Cross-boundary Cancer Studies
The Road toward Asia Well-being
Cross-boundary Cancer Studies
The Road toward Asia Well-being
TITLE
Closing lectures by lecture series partners
SPEAKER
Nobuhisa MATSUHASHI, MD, PhD
Department of Gastroenterological Surgery and Pediatric Surgery, Gifu University Graduate School of Medicine
Kazushige SASAKI, PhD
Associate Professor, The University of Tokyo
- Profile -
Nobuhisa MATSUHASHI received his MD from Osaka Medical College, School of Medicine, subsequently earning his PhD from Gifu University. Starting his career in 1996 as a resident in surgery at Gifu University, he has worked at several major hospitals in Gifu Prefecture, specializing in surgery. From 2001 to 2004 he was a research fellow at the Department of Surgical Oncology, Gifu University, and from 2004 to 2006 he served as Assistant Professor at the Gifu University Hospital Advanced Critical Care Center.
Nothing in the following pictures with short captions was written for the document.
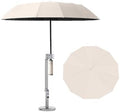 Hvac Umbrella with Magnetic Base & Clamp, Outdoor Work Umbrella by Unknown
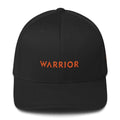 Dark navy cap with orange "WARRIOR" text on the front panel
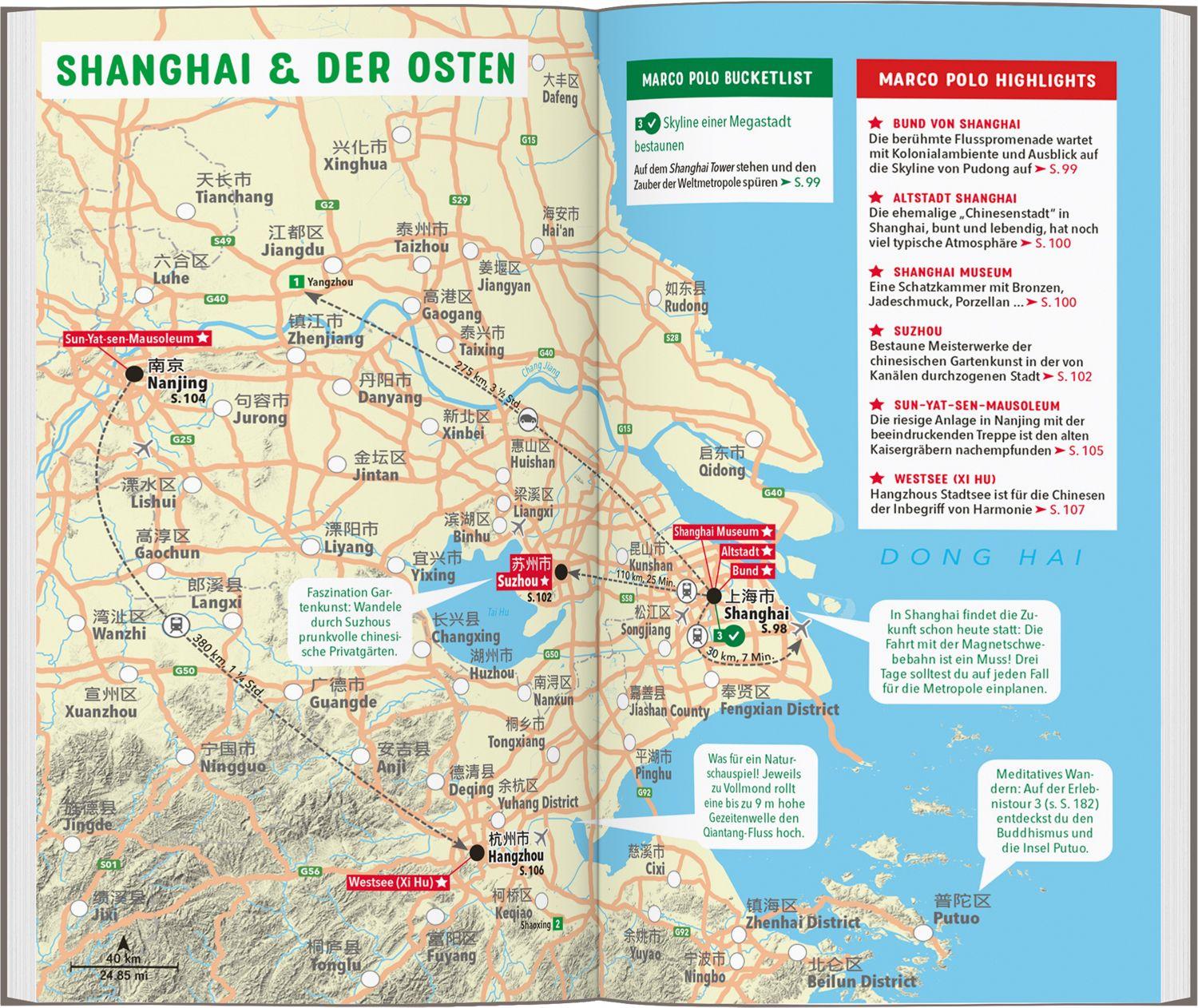 Beispielinhalt (Bild) MARCO POLO Reiseführer China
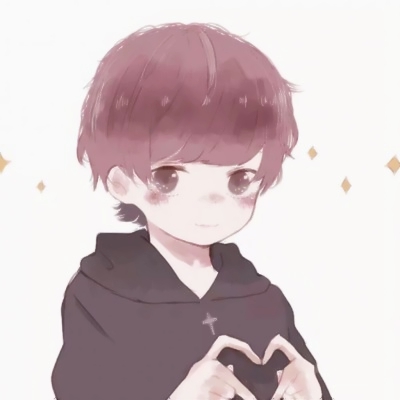 16张高清动漫风微信情头 好看的卡通情侣头像合集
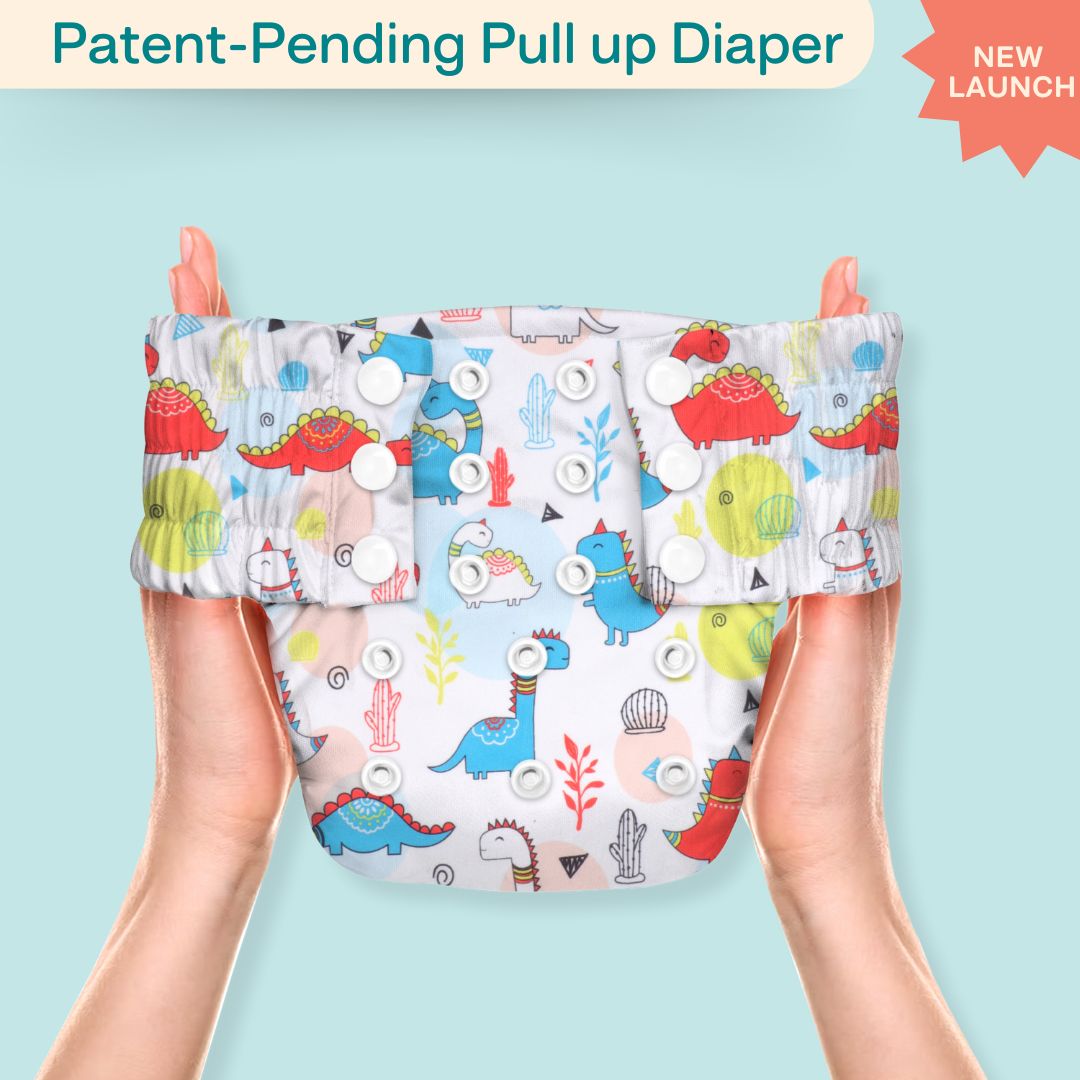 Ice Candy Newborn Cloth Diaper 2.0 with 1 cotton Insert (2 kg - 5 kg)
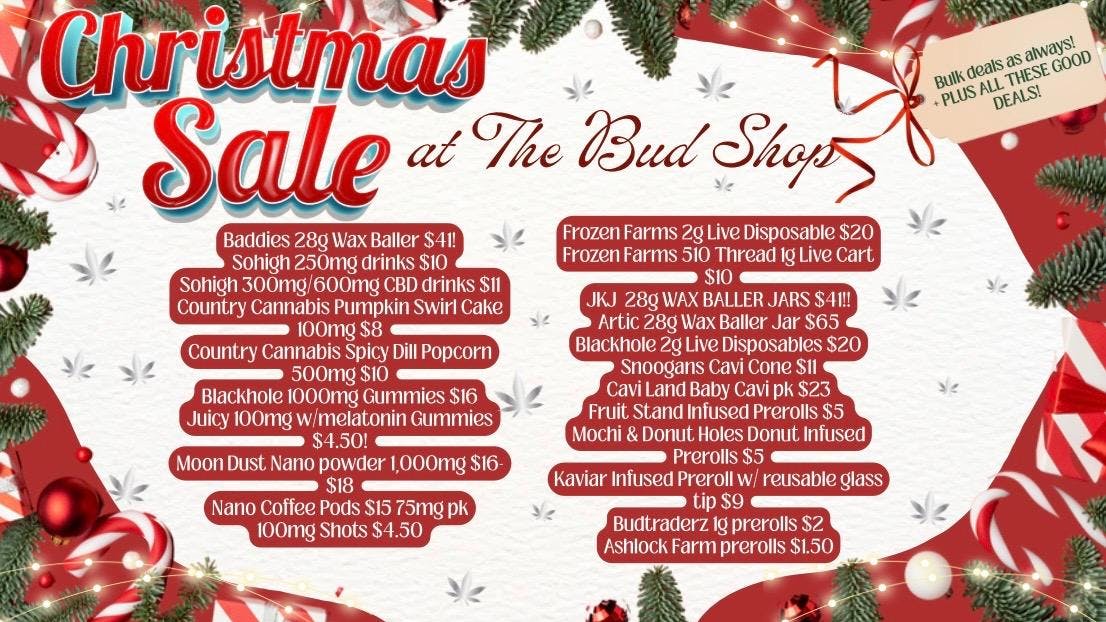 The Bud Shop DAILY GRIND FLOWER OUNCES $30-$33 OTD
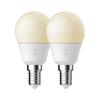 NORDLUX Smart E14 2-pack G45 2200-6500K Light Bulb bílá 2170201401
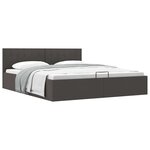 vidaXL Cadre de lit à rangement hydraulique sans matelas 160x200 cm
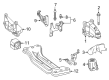 Diagram for Mercedes-Benz E400 Engine Mount - 205-240-53-00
He subsequently worked at other institutions, including Gifu Prefectural General Medical Center. From 2013 to 2019 he was a Specially Appointed Associate Professor, Frontier Science for Surgical Oncology at Gifu University Hospital. Before taking up his current position, from 2019 to 2022 he was an Associate Professor, Department of Surgical Oncology, Gifu University. He is a member of various councils and academic societies, including Japanese Society of Gastrointestinal Surgery, Japanese Society of Endoscopic Surgery, Japan Society of Clinical Oncology, and Japan College of Surgeons.
Kazushige SASAKI received his PhD from the University of Tokyo and is currently an Associate Professor at the Graduate School of Arts and Sciences, the University of Tokyo. He is an expert in exercise physiology, conducting research primarily on human skeletal muscle, with a particular focus on age-related and training-induced changes, as well as their relationships with physical performance and health. He and the graduate students under his supervision have published impactful papers in leading journals in the fields of physiology and sports science, including The Journal of Physiology. In addition, he serves as a core member of UTokyo Sports Science Initiative (UTSSI), a university-wide organization, holding the concurrent position of Project Associate Professor in two endowed research sections affiliated with UTSSI, where he is engaged in research activities aimed at translating basic research findings into societal applications.
SUMMARY
Norie KAWAHARA noted that the lecture course is part of the official graduate program at the University of Tokyo, and is open to students across the entire university. She noted that from this year, graduate students from Gifu University’s School of Medicine have also joined the course.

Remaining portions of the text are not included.